Here, timestamps_file is user-defined. For videos with known frame rates, this file contains [0, 1.0/fps, 2.0/fps, ...]. For unknown frame rates, we assume fps = 25. Note that the image_folder contains images after frame interpolation. If you are familiar with vid2e, you know what I mean. Our frame interpolation model is RIFE, whereas vid2e uses SuperSloMo or FILM interpolation models. Our interpolation rate is x2, inserting three frames between each pair of frames.

DachunKai commented 5 months ago

Q3: Voxel normalization Implementation A3: I used the following code snippet to normalize the voxels.

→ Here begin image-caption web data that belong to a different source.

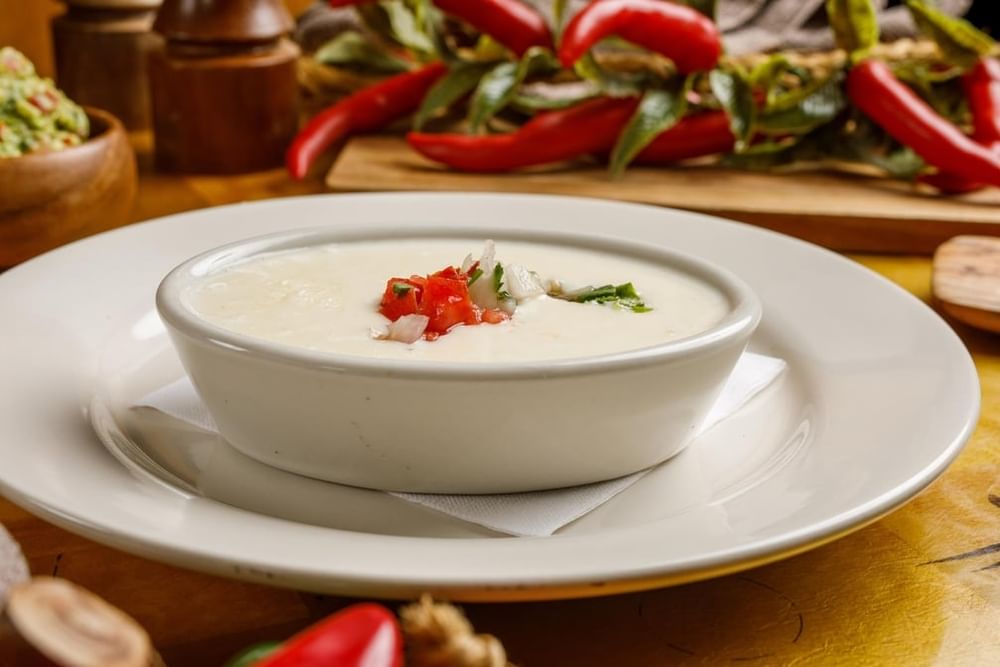 Cheese Dip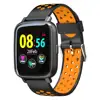 SN12 Smart Watch online payment Color Screen Blood Pressure Oxygen Heart Rate Monitor IP68 Waterproof Sport Smartwatch
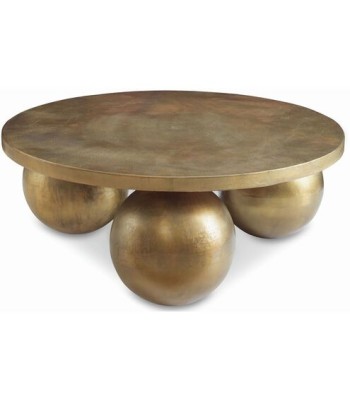 Uttermost Triplet Coffee Table 26000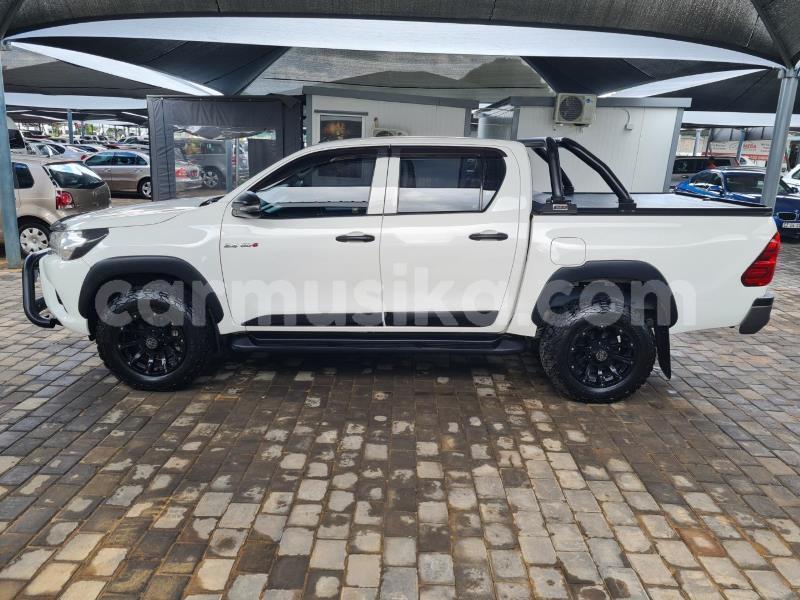 Big with watermark toyota hilux matabeleland south beitbridge 26870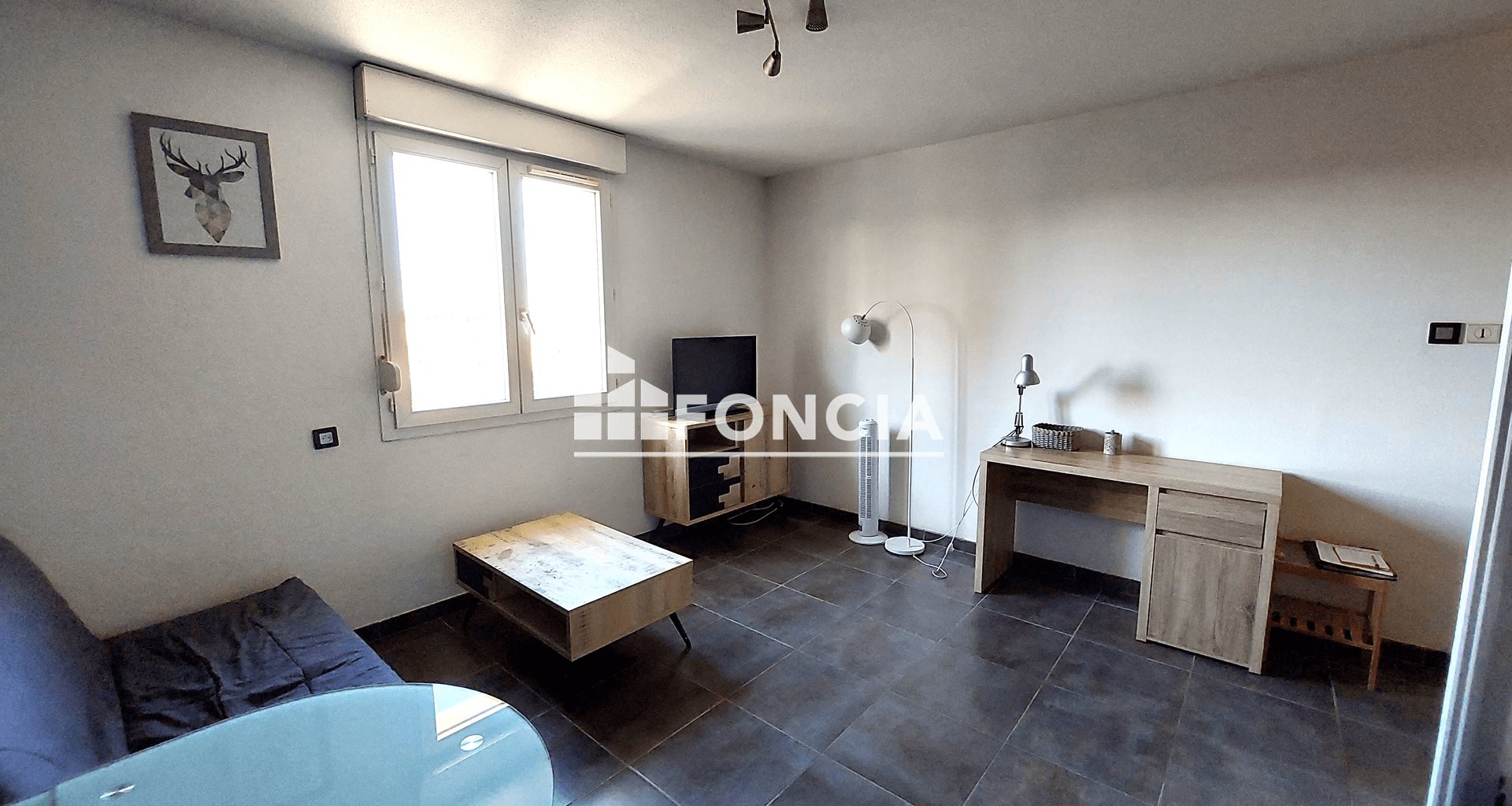 Appartement à louer, 21m², Avignon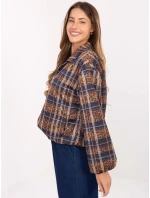 Bunda IT KR 5773.23 modrá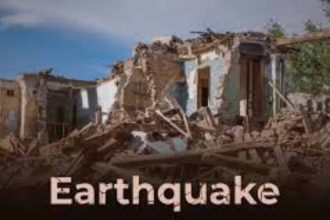 EARTHQUAKE (1)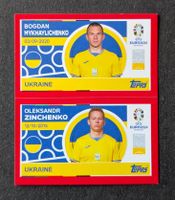 Topps EM 2024--UKR 4/5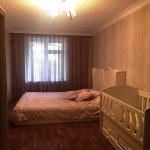 Продажа 2 комнат Новостройка, Nizami метро, Ясамал район 5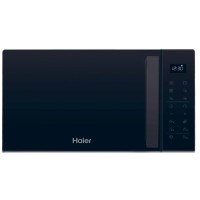 Мікрохвильова піч Haier ID Touch Seria 2 HAMGI23S2STB Grill
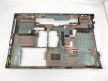 Lenovo ThinkPad T520 T520i W520 használt bontott műanyag alsó ház burkolat 04W1673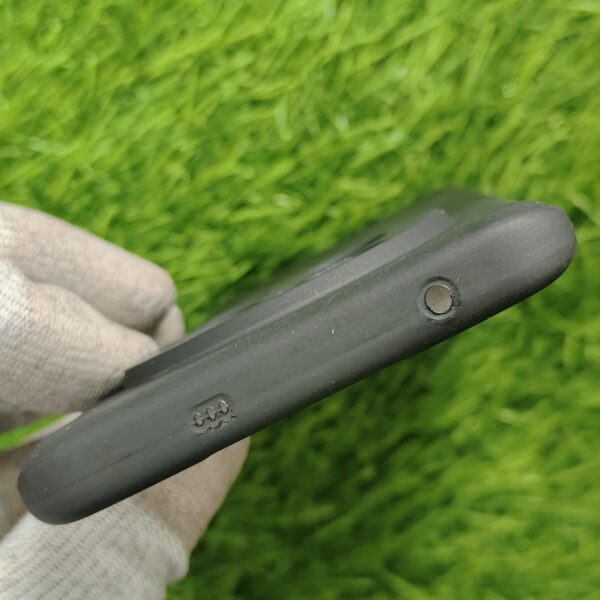 Realme 13 Pro Original Paper Silicone Back Cover - Image 5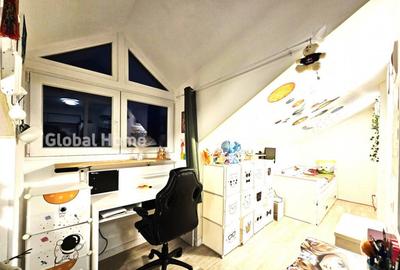 **NEW**Apartament 3 camere 70MP | 1 Loc de Parcare Inclus | - 10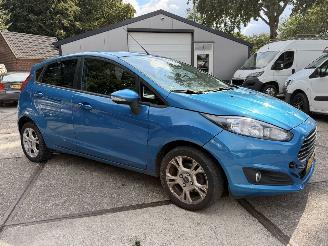 Ford Fiesta 1.0 Ecoboost Titanium Motordefect picture 10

def voxel_normalization(voxel):
    """
        normalize the voxel same as https://arxiv.org/abs/1912.01584 Section 3.1
        Params:
            voxel: torch.Tensor, shape is [num_bins, H, W]

        return:
            normalized voxel
    """
    # check if voxel all element is 0
    a,b,c = voxel.shape
    tmp = torch.zeros(a, b, c)
    if torch.equal(voxel, tmp):
        return voxel
    abs_voxel, _ = torch.sort(torch.abs(voxel).view(-1, 1).squeeze(1))
    # print("abs_voxel.shape: ", abs_voxel.shape)
    first_non_zero_idx = torch.nonzero(abs_voxel)[0].item()
    non_zero_voxel = abs_voxel[first_non_zero_idx:]
    norm_idx = math.floor(non_zero_voxel.shape[0] * 0.98)

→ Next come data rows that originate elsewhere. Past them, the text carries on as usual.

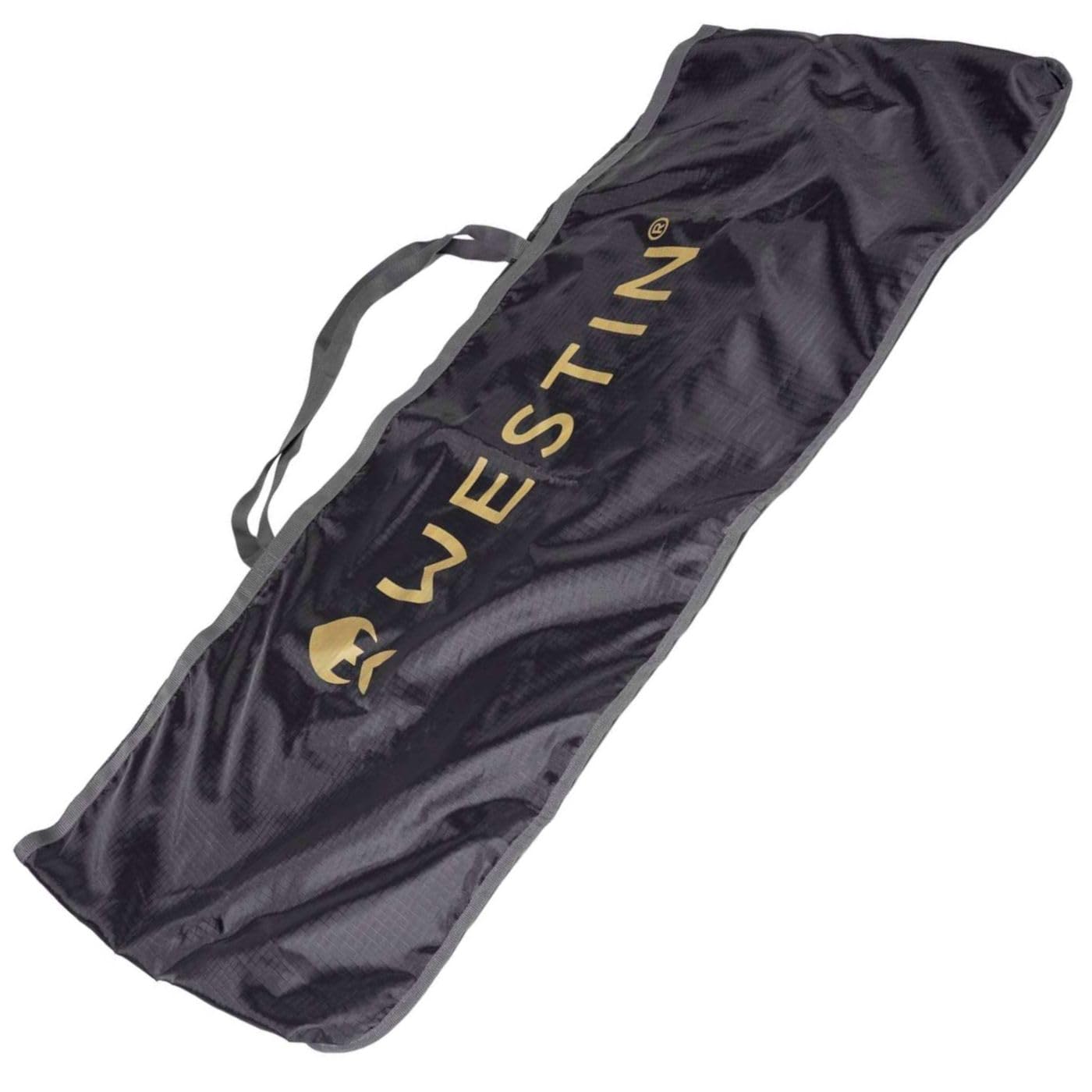 Westin W3 Weigh Sling Large 120x50x17cm - Wiegesack für Zander & Hechte, Wiegeschlinge für Raubfische, Fischsack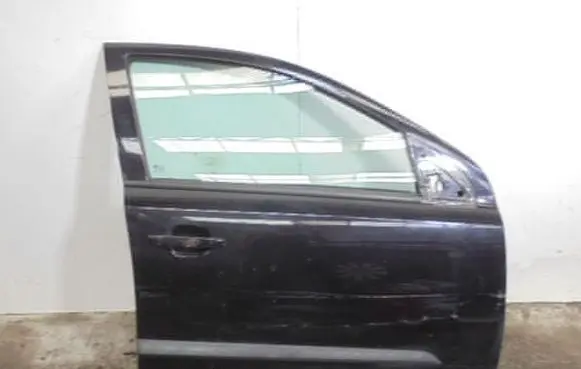 Opel Astra H Front door 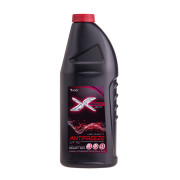 X-FREEZE 4 * * * 3
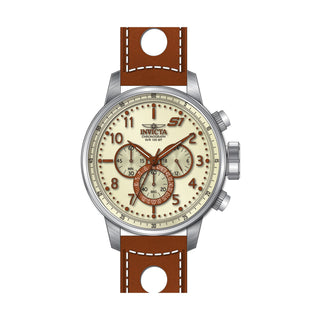 RELOJ CLÁSICO PARA HOMBRE INVICTA S1 RALLY 25725 - MARRÓN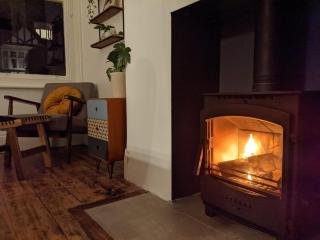 *Unique Brighton Apartment & Garden, near Beach* - Brighton et Hove - 3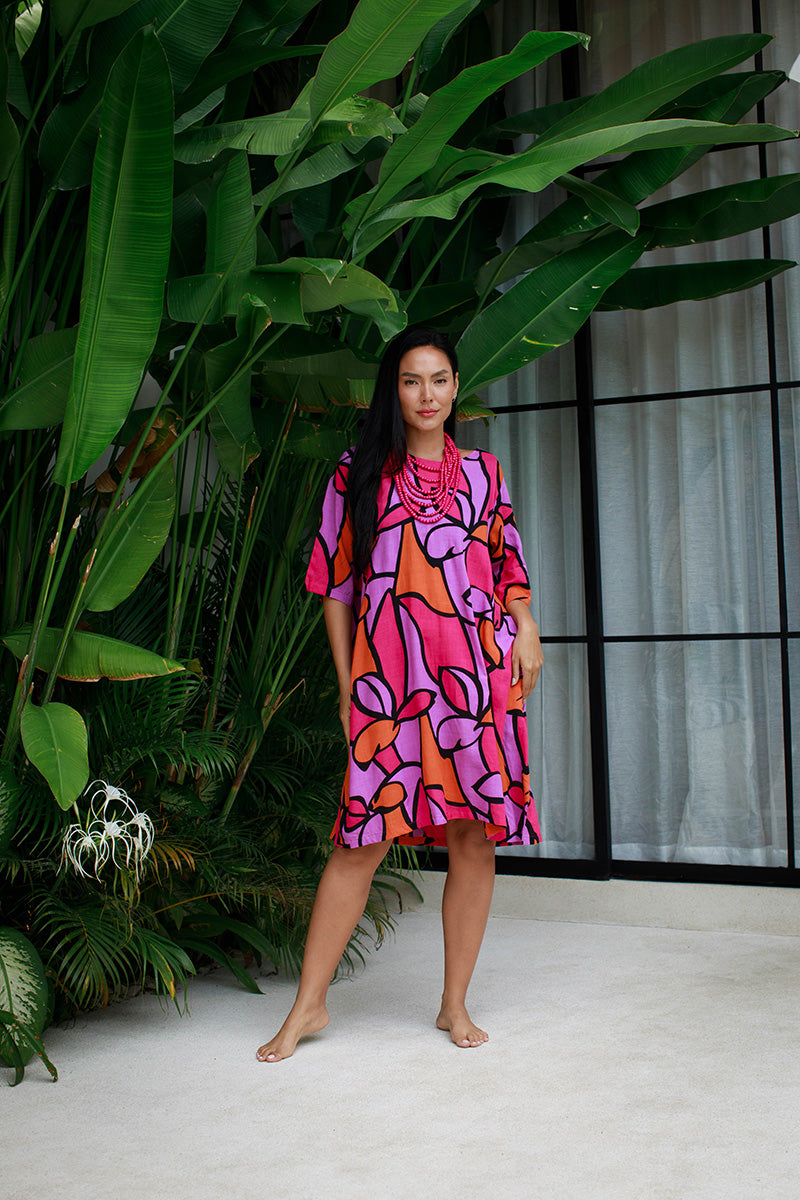 Julie Dress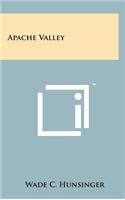 Apache Valley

    ones = torch.ones_like(voxel)

    # squeeze_voxel, indices = torch.sort(voxel.view(-1, 1).squeeze(1))
    normed_voxel = torch.where(torch.abs(voxel) < non_zero_voxel[norm_idx], voxel / non_zero_voxel[norm_idx], voxel)
    normed_voxel = torch.where(normed_voxel >= non_zero_voxel[norm_idx], ones, normed_voxel)
    normed_voxel = torch.where(normed_voxel <= -non_zero_voxel[norm_idx], -ones, normed_voxel)

    return normed_voxel

Additional Notes Due to various influencing factors, such as the interpolation model you used for event simulation and especially the random contrast threshold we specified during simulation, there may be differences between the generated events and the ones we released. I hope these answers can help you. Thank you!

zhaohm14 commented 5 months ago

Thanks for your detailed explanation. Your response has greatly helped me understand the process of handling event data. Looking forward to any possible updates and improvements in the future. Thank you again for your patience and support!